What is the "compensation principle," and why does Chang find it problematic in the context of trade liberalization?
According to Chang, what are some of the risks associated with foreign direct investment (FDI) in developing countries?
How did the Opium War and the resulting Treaty of Nanking demonstrate the use of military power to enforce free trade?
Quiz Answer Key
Chang argues that Ricardo's theory, which suggests countries should specialize in their current strengths, fails to account for developing countries that need protection to acquire more advanced technologies and develop their economies. Ricardo's theory is for those who accept the status quo, but not for those who want to change it. This protection allows them time to learn and compete internationally later.
"Ladder-kicking" refers to the practice of rich countries, having developed through protectionist policies, now advocating free-market policies for developing countries, thereby preventing them from using the same strategies. This effectively "kicks away the ladder" that allowed the rich countries to climb to economic success.

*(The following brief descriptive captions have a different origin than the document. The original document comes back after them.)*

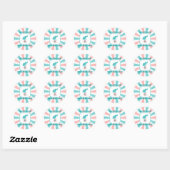 Roze | Grote verjaardag van de Turquoise Carnival  Ronde Sticker (Vel)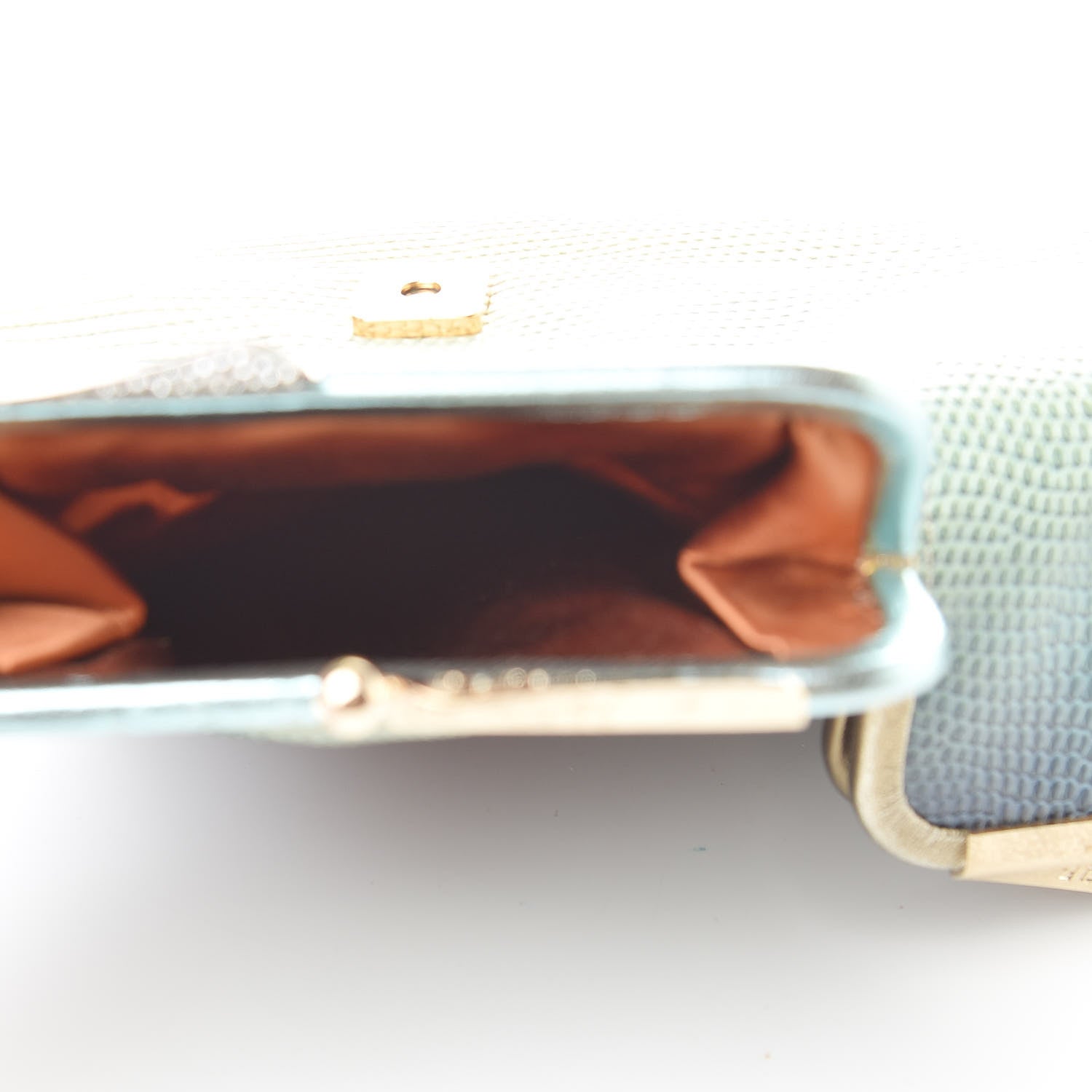 Fendi Lizard Ombre Origami Borderline Clutch Green 7 of 10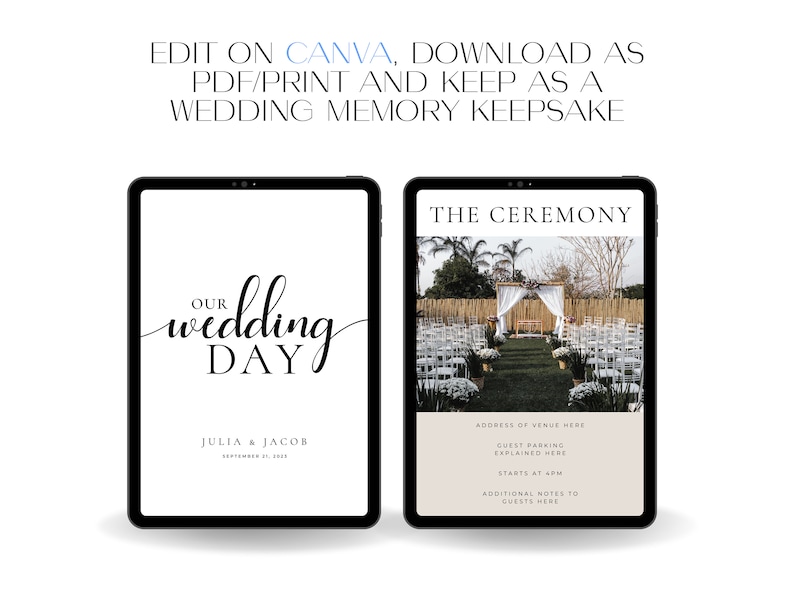 May include: A digital template for a wedding ceremony program. The template features a black and white image of a wedding ceremony arch with white chairs in the background. The text "THE CEREMONY" is at the top of the page. The text "ADDRESS OF VENUE HERE", "GUEST PARKING EXPLAINED HERE", "STARTS AT 4PM", and "ADDITIONAL NOTES TO GUESTS HERE" is below the image.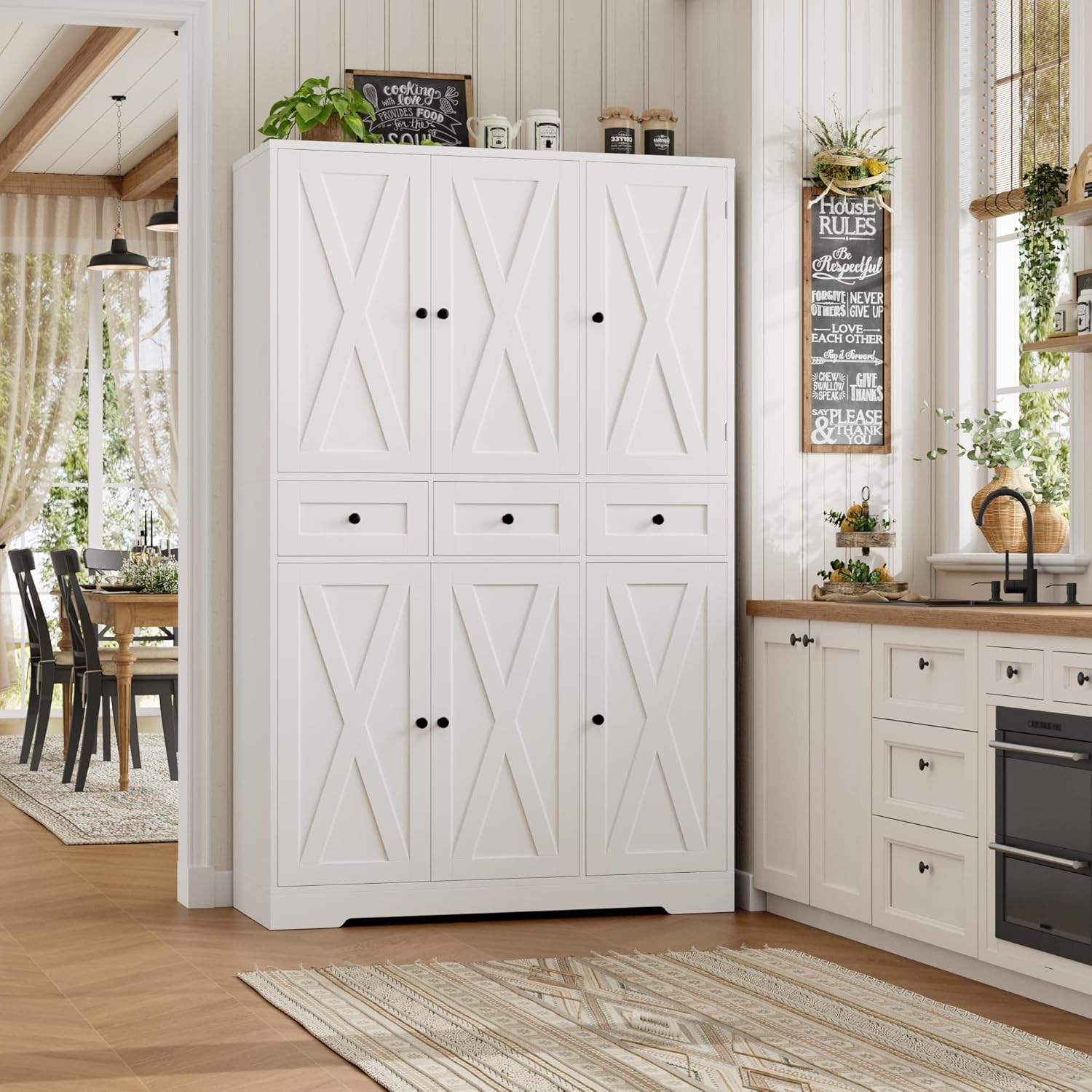 HOSTACK Modern Farmhouse Kitchen Pantry Storage Cabinet, 67 H Kitchen Pantry Cabinet with Barn Doors and Shelves, Freestanding Food Storage Cabinets with Drawers for Dining Room, Living Room, White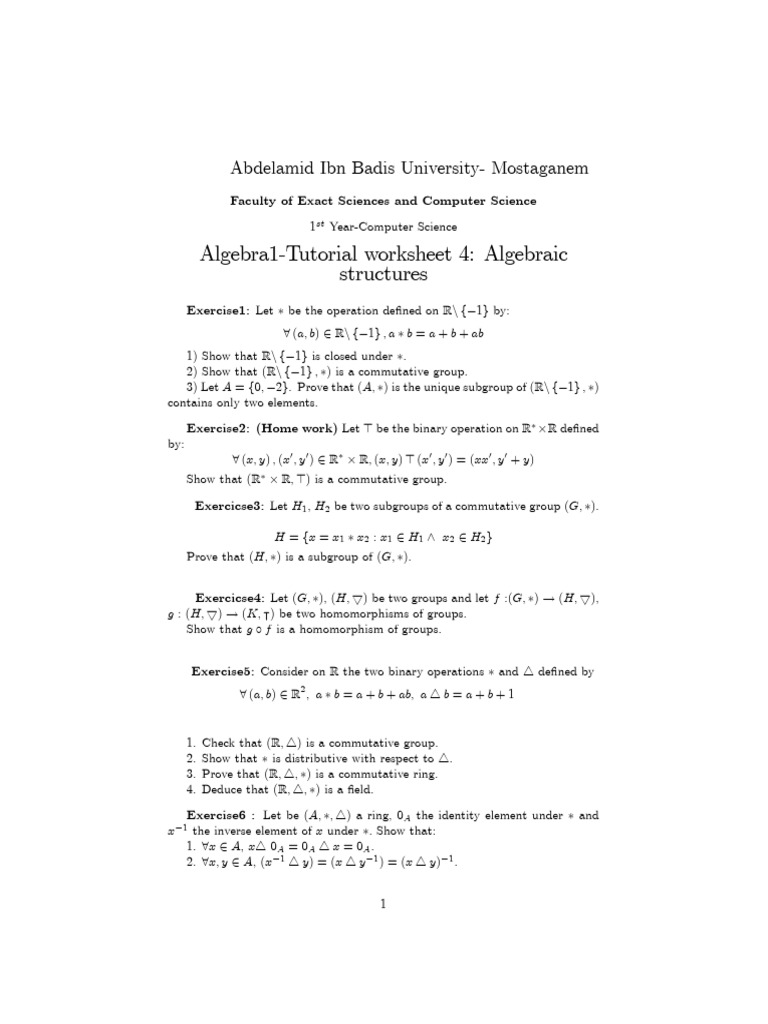 Tutorial Work Sheet 4algebraic Structures - 94fde300 - 251218 - 100208 ...
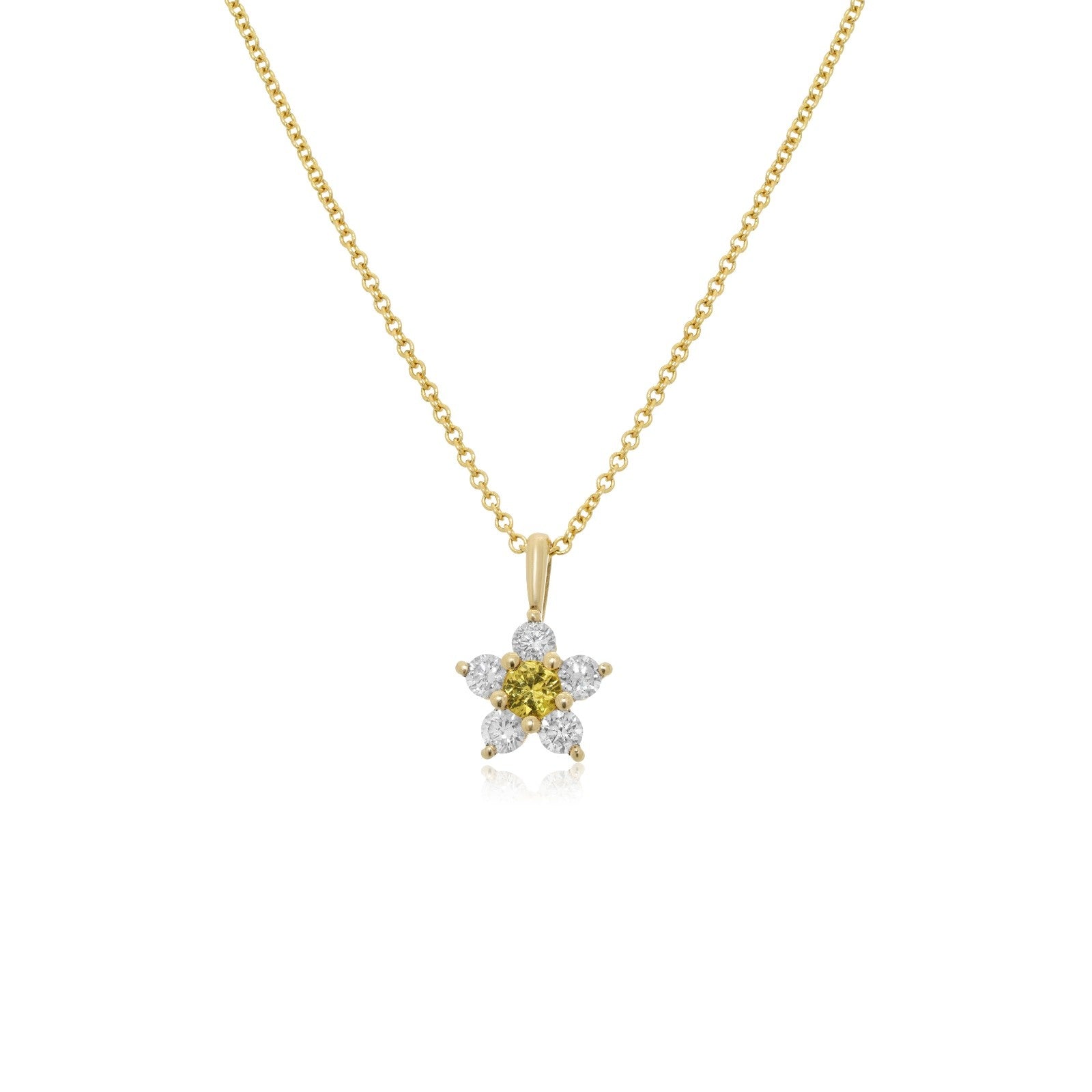 Kid's Jewelry, Flower Pendant, Necklace, Kid's Pendant, Diamond Necklace, Big Flower Yellow Sapphire Center with Diamond Accent Necklace in Yellow Gold 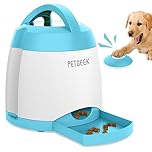 PETGEEK Automatic Dog Treat Dispenser with Button - Puzzle Memory Training Feeder, Pet Geek Button Treat Food Dispensing Toys Interactive, Iq Training Dog Feeder (Blue)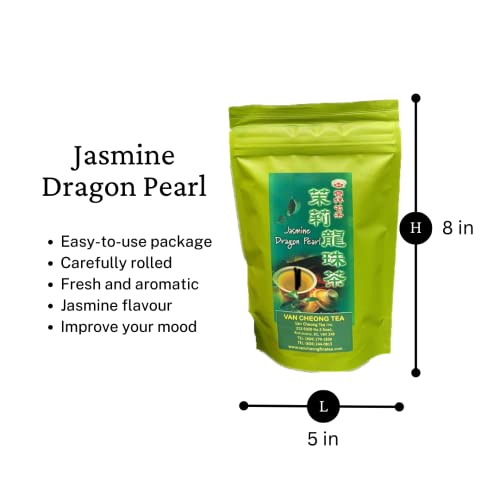 Jasmine Dragon Pearl, 113g - Loose Leaf Green Tea Jasmine Tea - 茉莉龍珠茶 | Van Cheong Tea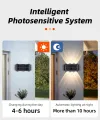 Solar Led Wall Lights Outdoor Waterproof Wall Lamp Warm Light Fixture For Garden Balcony Yard Decoration Solar Powered Lights. 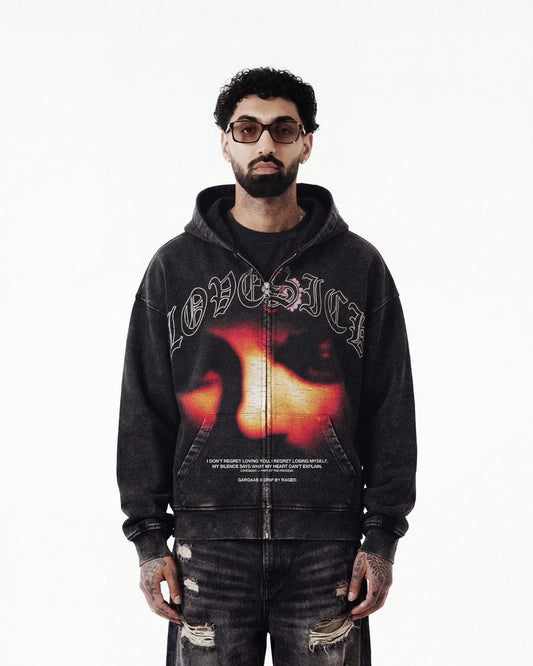 LOVESICK ZIP-UP FADED HOODIE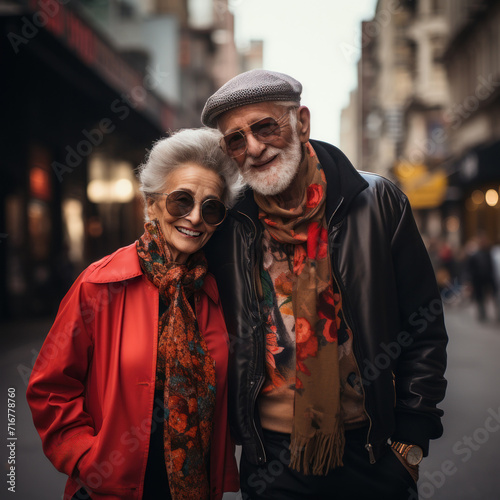 Two stylish elderly aged people, casual clothes, man woman hugging couple, city street, streetstyle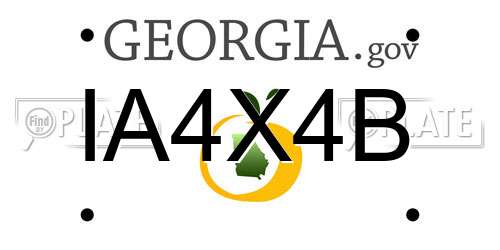 IA4X4B Georgia License Plate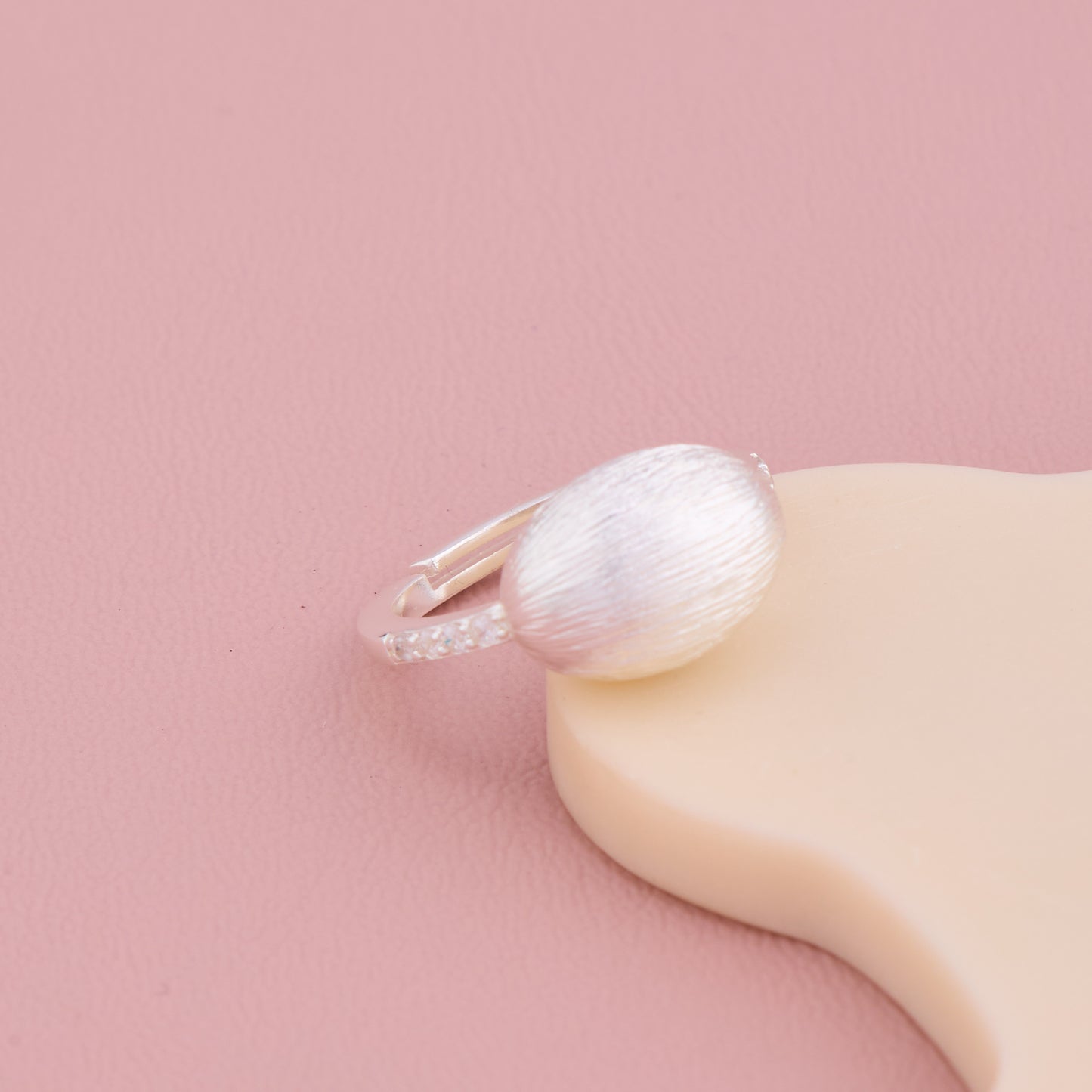 Textured Oval Silver Ring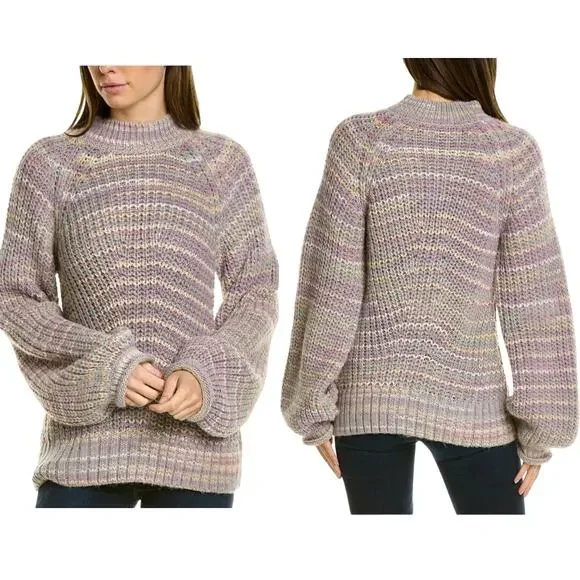 Nicholas Maliya Purple Marled Alpaca Wool Blend Sweater - Picture 1 of 6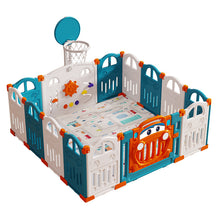 Load image into Gallery viewer, Baby Playpen Foldable Playpen with Basketball Hoop, Plastic Playpen with Door and Toy Board
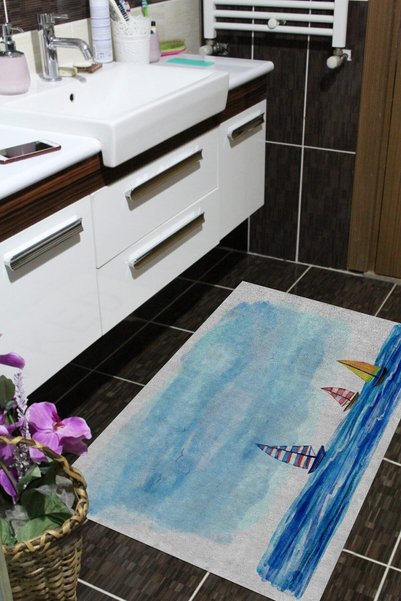 festivalya Non-Slip Base Sailboat Patterned Bath Mat 60x100 cm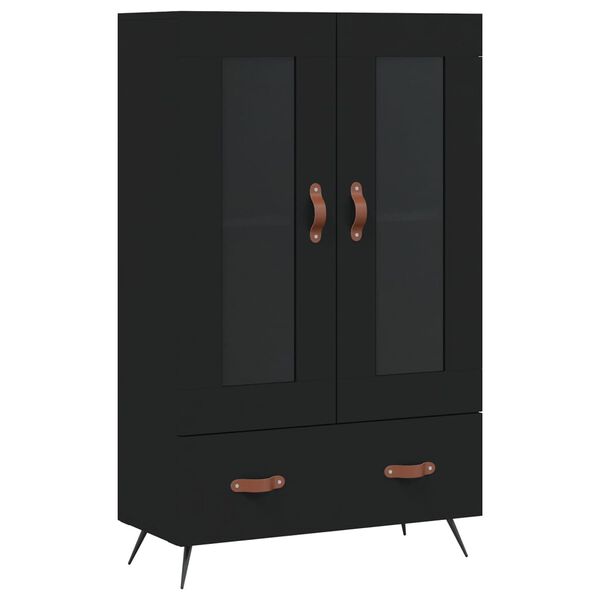 vidaXL Buffet haut noir 69,5x31x115 cm bois d'ing&eacute;nierie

Chang criticizes culture-based explanations as being ex post facto justifications that change with the economic success of different regions. What was once attributed to Protestantism, Confucianism, or other cultural factors is redefined once other regions succeed, revealing the flaws in this kind of thinking. This makes culture-based theories unreliable as explanations for economic development.
Britain enacted policies like the Wool Act of 1699, which banned the export of woolen cloth from its colonies, destroying the Irish woolen industry and stifling woollen manufacture in America. This suppressed the growth of industries that could compete with Britain's own.
Rapid trade liberalization can lead to the collapse of domestic industries, increased unemployment, and reduced government revenue due to decreased tariffs. The revenue lost due to decreased tariffs are rarely made up in poorer countries, causing cuts in essential public programmes.
Both Britain and the United States were highly protectionist during their periods of economic growth, using tariffs and other measures to protect their infant industries. They only advocated for free trade after achieving industrial dominance.
State-owned enterprises played a crucial role in South Korea's economic development by undertaking large projects and directing credit to strategic industries. The government owned all the banks, directing the life blood of business-credit.
The "compensation principle" suggests that trade liberalization is beneficial if the winners can compensate the losers and still benefit. Chang critiques it because compensation is not automatically made, leaving some people worse off, and trade liberalization may not bring overall gains.
FDI can destroy existing national firms or pre-empt the emergence of domestic competitors, leading to a ceiling on the level of sophistication that a country can attain in the long run. Sometimes, foreign investors may even actively destroy the existing productive capabilities of the companies.
The Opium War was initiated when China tried to stop Britain's illegal opium trade, resulting in China being forced to cede Hong Kong and give up its right to set its own tariffs. This demonstrates how military force was used to impose free trade, benefiting Britain at China's expense.
Essay Questions
Critically evaluate Chang's assertion that "Bad Samaritans" in rich countries are hindering the economic development of poorer nations through the promotion of free-market policies. Consider historical examples and potential counterarguments.
Discuss the role of protectionism and subsidies in the economic development of countries like Britain, the United States, and South Korea. To what extent does their historical experience support Chang's argument against the immediate implementation of free trade in developing countries?
Analyze Chang's critique of neo-liberal economic policies and their impact on developing countries. How does he use historical evidence and contemporary examples to challenge the claims of neo-liberal economists?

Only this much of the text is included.